Photoshop Elements 12 keeps to the two-pronged workflow – importing, sort and view image files in the Organizer, with the Photo Editor for manipulating and enhancing images, including RAW formats.

Adobe has added to the Guided Edits step-by-step helpers, enhancing them with a mixed bag of the impressive Zoom Burst effect, the effective (if rather limited) Puzzle jigsaw, and Restore Old Photos, which is more of a tutorial than instant fix. They've been joined by a variety of one-touch frames, effects, and textures, which quickly apply some very nice colour looks and finishes.

There's an interesting variation on red-eye removal in the form of Pet Eye. It works the same way: select the red-eye tool, check the Pet Eye box, and click on the creature's eye. The automatic setting tends to leave animals looking a bit cartoonish, but you can adjust intensity of the correction using the Pupil Radius slider and Darken slider.

In a new addition to the Enhance workflow, Auto Smart Tone 'learns' how you fine-tune corrections, then bases subsequent enhancements upon those same personal tweaks. Full Photoshop's content-aware workflow makes an appearance in Elements, allowing you to easily move objects or straighten photos and let the tool fill them the source areas or 'blank' spaces with pixels resembling their neighbours. It's good for quick fixes, but won't work wonders.

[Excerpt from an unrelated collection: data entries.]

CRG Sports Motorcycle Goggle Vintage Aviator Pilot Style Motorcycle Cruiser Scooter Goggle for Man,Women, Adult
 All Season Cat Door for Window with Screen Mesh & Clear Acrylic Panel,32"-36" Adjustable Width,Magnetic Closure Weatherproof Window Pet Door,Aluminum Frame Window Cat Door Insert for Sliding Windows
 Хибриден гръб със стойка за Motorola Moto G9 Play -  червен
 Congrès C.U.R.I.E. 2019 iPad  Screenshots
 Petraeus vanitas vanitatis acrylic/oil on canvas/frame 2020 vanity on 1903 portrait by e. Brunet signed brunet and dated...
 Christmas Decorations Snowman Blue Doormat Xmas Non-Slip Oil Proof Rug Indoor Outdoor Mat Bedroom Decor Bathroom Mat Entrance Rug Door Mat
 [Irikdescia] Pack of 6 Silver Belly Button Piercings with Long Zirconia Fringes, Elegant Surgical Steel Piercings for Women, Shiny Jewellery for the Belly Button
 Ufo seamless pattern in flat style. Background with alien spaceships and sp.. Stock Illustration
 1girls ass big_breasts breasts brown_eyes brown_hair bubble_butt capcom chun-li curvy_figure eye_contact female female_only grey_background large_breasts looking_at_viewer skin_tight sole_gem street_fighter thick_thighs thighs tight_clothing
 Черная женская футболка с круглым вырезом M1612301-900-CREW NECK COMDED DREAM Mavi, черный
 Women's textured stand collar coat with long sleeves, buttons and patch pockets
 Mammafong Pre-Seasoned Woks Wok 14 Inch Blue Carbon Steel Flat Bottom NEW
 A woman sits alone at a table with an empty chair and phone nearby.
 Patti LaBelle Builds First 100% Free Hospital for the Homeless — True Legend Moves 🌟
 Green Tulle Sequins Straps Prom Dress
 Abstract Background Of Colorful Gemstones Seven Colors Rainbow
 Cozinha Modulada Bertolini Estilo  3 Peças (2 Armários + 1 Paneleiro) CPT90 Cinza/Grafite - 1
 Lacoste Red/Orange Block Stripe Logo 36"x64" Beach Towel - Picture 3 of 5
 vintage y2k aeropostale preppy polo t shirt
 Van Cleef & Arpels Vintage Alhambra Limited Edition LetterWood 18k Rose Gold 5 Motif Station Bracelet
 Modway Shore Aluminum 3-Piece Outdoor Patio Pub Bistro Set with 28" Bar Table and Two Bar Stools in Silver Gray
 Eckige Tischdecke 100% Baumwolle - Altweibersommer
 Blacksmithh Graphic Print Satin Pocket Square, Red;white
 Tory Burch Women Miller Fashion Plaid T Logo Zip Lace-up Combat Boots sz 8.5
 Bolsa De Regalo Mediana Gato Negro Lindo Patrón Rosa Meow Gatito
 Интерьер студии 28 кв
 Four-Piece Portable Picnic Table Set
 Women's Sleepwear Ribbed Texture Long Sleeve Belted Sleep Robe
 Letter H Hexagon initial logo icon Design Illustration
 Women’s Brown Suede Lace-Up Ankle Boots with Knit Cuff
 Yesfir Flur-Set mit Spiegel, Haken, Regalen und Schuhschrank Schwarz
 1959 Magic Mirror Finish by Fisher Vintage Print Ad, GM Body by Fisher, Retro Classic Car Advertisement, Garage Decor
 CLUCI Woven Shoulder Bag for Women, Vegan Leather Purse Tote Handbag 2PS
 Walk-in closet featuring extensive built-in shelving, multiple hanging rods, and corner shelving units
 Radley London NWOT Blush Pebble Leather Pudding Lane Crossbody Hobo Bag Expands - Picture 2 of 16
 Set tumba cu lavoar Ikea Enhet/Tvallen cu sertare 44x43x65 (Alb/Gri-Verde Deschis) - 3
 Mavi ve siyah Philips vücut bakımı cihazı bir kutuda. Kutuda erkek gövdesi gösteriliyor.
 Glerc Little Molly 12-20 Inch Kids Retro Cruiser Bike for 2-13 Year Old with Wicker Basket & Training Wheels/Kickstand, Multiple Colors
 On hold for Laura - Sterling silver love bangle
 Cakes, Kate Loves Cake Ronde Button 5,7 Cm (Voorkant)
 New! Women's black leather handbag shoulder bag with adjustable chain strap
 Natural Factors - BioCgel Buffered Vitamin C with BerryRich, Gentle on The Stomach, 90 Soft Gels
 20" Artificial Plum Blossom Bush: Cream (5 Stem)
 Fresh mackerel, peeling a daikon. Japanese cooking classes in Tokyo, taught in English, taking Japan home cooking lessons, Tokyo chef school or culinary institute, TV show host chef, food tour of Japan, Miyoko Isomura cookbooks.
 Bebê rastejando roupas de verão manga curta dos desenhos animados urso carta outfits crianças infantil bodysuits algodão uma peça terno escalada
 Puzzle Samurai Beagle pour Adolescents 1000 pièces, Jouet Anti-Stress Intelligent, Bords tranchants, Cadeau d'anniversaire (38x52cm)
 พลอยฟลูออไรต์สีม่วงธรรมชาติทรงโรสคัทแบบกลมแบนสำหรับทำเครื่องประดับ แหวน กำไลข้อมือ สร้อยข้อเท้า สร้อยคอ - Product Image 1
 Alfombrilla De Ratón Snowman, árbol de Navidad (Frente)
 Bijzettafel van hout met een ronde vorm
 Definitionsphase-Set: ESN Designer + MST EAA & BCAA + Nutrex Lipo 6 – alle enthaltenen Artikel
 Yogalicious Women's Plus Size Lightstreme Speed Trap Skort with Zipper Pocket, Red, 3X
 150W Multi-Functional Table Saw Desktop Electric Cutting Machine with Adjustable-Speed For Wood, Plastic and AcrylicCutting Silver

See also: Adobe Photoshop Elements 12 review

Also new to this edition are Mobile Albums – a way to make selected photos or albums accessible on smartphones and tablets. Mobile Albums are located under Local Albums on the Organizer sidebar. You need to sign in with an Adobe ID and also install Adobe Revel (formerly Carousel) on your mobile device. You may also need to pay a $60 per year subscription.

Thereafter, albums can be dragged from the Local listing to make a copy in the Mobile listing and subsequently appear online. Any editing changes made to photos in the Mobile Album will appear both in the Organizer and on your smartphone and tablet.

There's also the ability to share photos from the Editor directly to Flickr, Twitter, Facebook, SmugMug Gallery or Private Web Albums.

See also: Mac software reviews

OUR VERDICT

It's more social media-aware and more connected, but this isn't as revolutionary an update as earlier editions. While it borrows from Photoshop in Content-aware tools, Elements doesn't always deliver as impressive results. The one-shot adjustments and guided edits on the other hand are effective, high-quality time-savers. As for the Mobile Album workflow, it takes a little while for Revel to update the album on a iPad, but it's a fairly stress-free and useful solution.